Succession Finale Explained: Why They Crowned [SPOILERS]

As some of you may have noticed, we’ve recycled this subheading from our Succession finale predictions article (it’s just far too appropriate in this case).

Granted, we had our doubts about Tommy Boy. But in retrospect, it makes perfect sense.

When Lukas Matsson mentioned he was open to the idea of a US CEO to appease president-elect Jeryd Mencken (Justin Kirk), and to run the day-to-day of Waystar Royco while he Elon Musk’d his way through life, he never explicitly named Siobhan “Shiv” Roy (Sarah Snook). Which should’ve been the first red flag.

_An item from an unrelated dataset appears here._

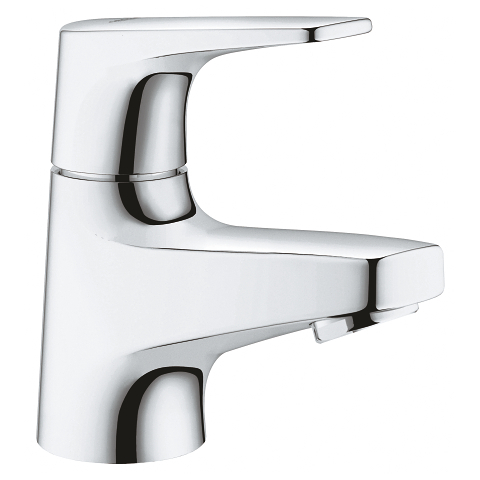 GROHE 20577000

Of course, as everyone but poor Shiv herself had anticipated, her flimsy alliance with the Swedish billionaire collapsed when it mattered the most. Lukas began auditioning for the role of CEO as soon as the most unqualified Roy boarded a private jet to appeal for the vote of her brother Roman (Kieran Culkin) to greenlight GoJo’s acquisition of Waystar. And that’s when everything became perfectly clear.

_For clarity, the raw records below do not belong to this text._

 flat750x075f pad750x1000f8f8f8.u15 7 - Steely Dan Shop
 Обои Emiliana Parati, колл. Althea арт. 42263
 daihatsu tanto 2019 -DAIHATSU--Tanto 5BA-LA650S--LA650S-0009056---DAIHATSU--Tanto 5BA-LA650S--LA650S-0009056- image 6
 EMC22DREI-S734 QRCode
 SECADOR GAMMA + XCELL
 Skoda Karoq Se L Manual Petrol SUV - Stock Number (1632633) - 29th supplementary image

Lukas Matsson wasn’t looking for a partner as Shiv had so naively assumed. Lukas Matsson was in search of a puppet or, to borrow his own distinct verbiage, a “pain sponge” to endure what he had neither the patience nor the stomach for. That’s where Tom Wambsgans comes in. Sweet, agricultural, human punching bag Tom. Equal parts yes man. Equal parts ruthless, blunt corporate instrument.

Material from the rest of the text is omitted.